During one of my five minute work windows this week I put on the new Dia de los Muertos bracelet I bought for my birthday month and dusted my dragons. This is a small family culled from the son’s little boy toy boxes. They are plastic, purple, silver, spiky, and horrible for small toys and small boys and big imaginations. Big imaginations don’t happen just in small boys. The dust made the dragons look like they were wearing velvet cloaks.

I also cleaned my mom-altar which sits next to the dragons. After my mom passed away I had this feeling of being haunted. Now her body was gone, Mom was everywhere and was always there looking over my shoulder, behind me, judging me, disappointed in me. A few days after mom’s memorial my aunt sent me a picture of Mom with sis and I. We were young; in the picture I’m wearing my first pair of glasses, which I got when I was eight. Sis is younger.

My sister took care of all the details of Mom’s estate. If you’ve not done this, it’s quite a job. I was the recipient of the wooden rosewood box mom’s ashes were originally in so there are minute traces of her body in the box. Part of what she was sits beside me all day. The box has her name on top, but I cover that with the burgundy velvet sack they put the metal urn in to transfer her ashes into the forever inurnment sanctuary (wooden box to metal urn placed in permanent niche). It all sits on the black velvet cover that came around the rosewood box. All of this needed cleaning and dusting. Halloween seemed appropriated. Dragons, death, dust.

When I first set up the mom-altar I placed the picture my aunt sent up against the rosewood cremains box. Suddenly Mom was facing me, instead of behind me. The haunted feeling stopped; now it feels we are having the same old civil discourse as before, speaking politely, sometimes disagreeing, me cussing, her cringing, but learning from each other nonetheless. She might not be here in her body, but I am still learning from her. The altar is next to my home work space so we are together every day.

Occasionally I have added to the altar and all those things needed cleaning as well. Some needed the trash bin, like the leaves that had disintegrated. Some needed the duster: the framed picture of Mom and her five siblings and their parents at Grandma and Grandpa’s 50th wedding anniversary; the white and gold tassel angel that had decorated one of Mom’s memorial tables; a recycled cloth angel mom or sis had made from scraps or maybe it had been a practice piece but no less an angel, sis used it to beautify the top of a Christmas gift, she’s clever that way; a crystal hagstone found by my sister on one our beach adventures; a fingernail sized, jeweled owl pin encrusted with tiny pearls and emerald eyes from my mother-in-law’s jewelry box, both women smarter than one might know; an acorn picked up at the park where we held Mom’s memorial, so dry the cap has separated from the nut case. A heart pendant from my sis hangs from one side of the anniversary picture and from the other side an amethyst and shell bracelet from a beach trip with a childhood friend who loved my mom for nearly fifty years and opened Mom’s memorial service with a spiritual tribute. I almost tossed the sprig of lavender stolen from a neighbor’s bush, but it still smells nice, so it got a little dusting as well and back onto the altar.

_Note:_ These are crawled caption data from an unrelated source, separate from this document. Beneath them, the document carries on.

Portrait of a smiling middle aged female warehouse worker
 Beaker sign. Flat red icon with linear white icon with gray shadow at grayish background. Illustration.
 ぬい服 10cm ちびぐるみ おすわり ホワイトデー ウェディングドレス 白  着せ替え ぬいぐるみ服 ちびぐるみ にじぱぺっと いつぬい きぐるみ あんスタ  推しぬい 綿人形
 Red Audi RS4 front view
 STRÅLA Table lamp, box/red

The last things returned to the altar were two discarded claw husks and a whisker from my deeply mourned rescue kitty who died this last May. He came to us damaged and/or abused with open raw wounds; he was a long haired cat and when he choose us he hardly had any hair. He asked us if we’d love him and take care of him, and we said yes. He was the best. He’s buried in the yard so he will always be here with us.

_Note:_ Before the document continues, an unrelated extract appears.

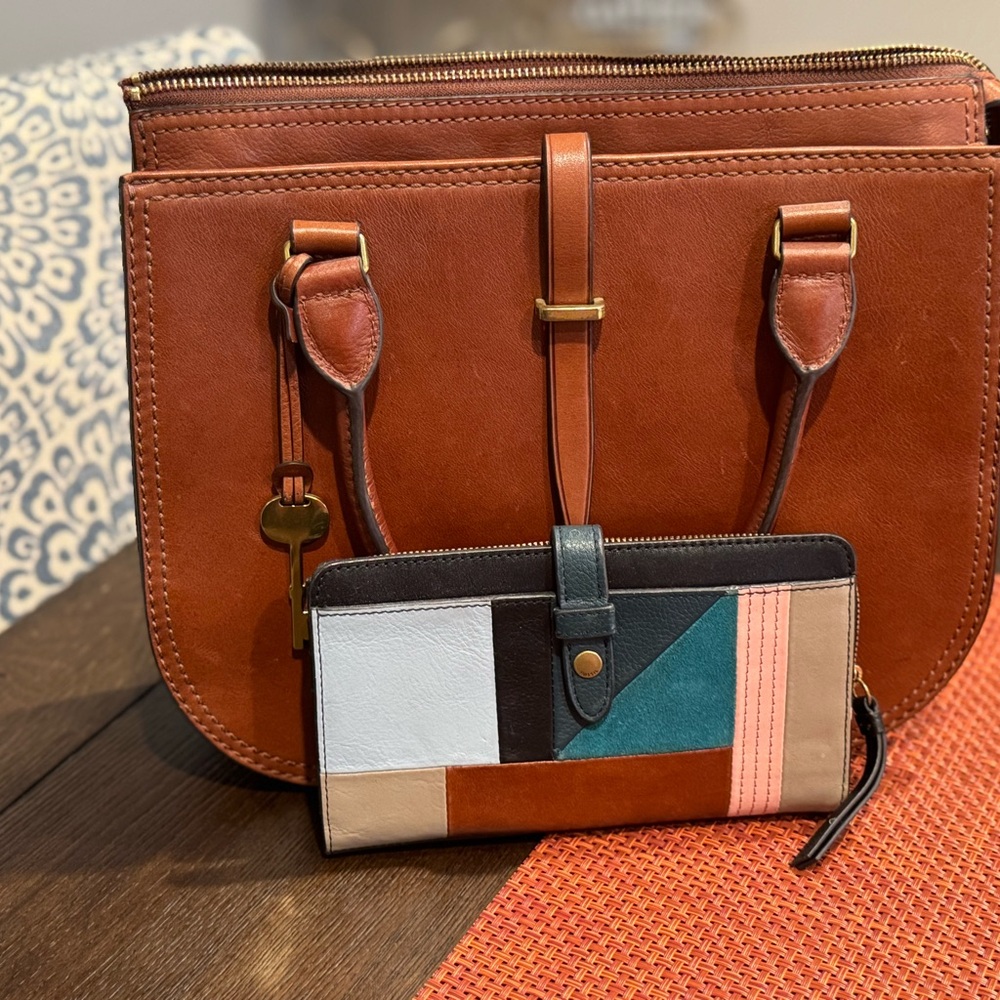 Fossil Brown Leather Tote with Colorful Wallet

I don’t have any physical parts of my mom. No fingernails, no hair. I have hair from both grandmothers. Maybe that’s morbid (William James would say I’m morbid-minded, but that’s another essay); I laugh when I think of what the people who go through my things after I die will think. The long thick auburn braid Grandma had cut off when she finally went to short hair, so long and thick it is stored in the cedar chest; how that hair was like copper and silver wire to wrap around a perm rod unless you left it long enough, and you had to soften the hair with perm solution just to get it to bend around the rod, and then re-saturate with more perm solution and hope half an hour later you had some kind of curl with the littlest rods you had. And Grammy’s soft white curls, yellowed now in their paper bag tucked into the corner of one of my cedar jewelry boxes, the last of the last perm cut before the next perm, angel hair so white and fine it took the curl in minutes and you didn’t dare look away. Muscle memories of touching the women who made me, the dragons, warriors, witches.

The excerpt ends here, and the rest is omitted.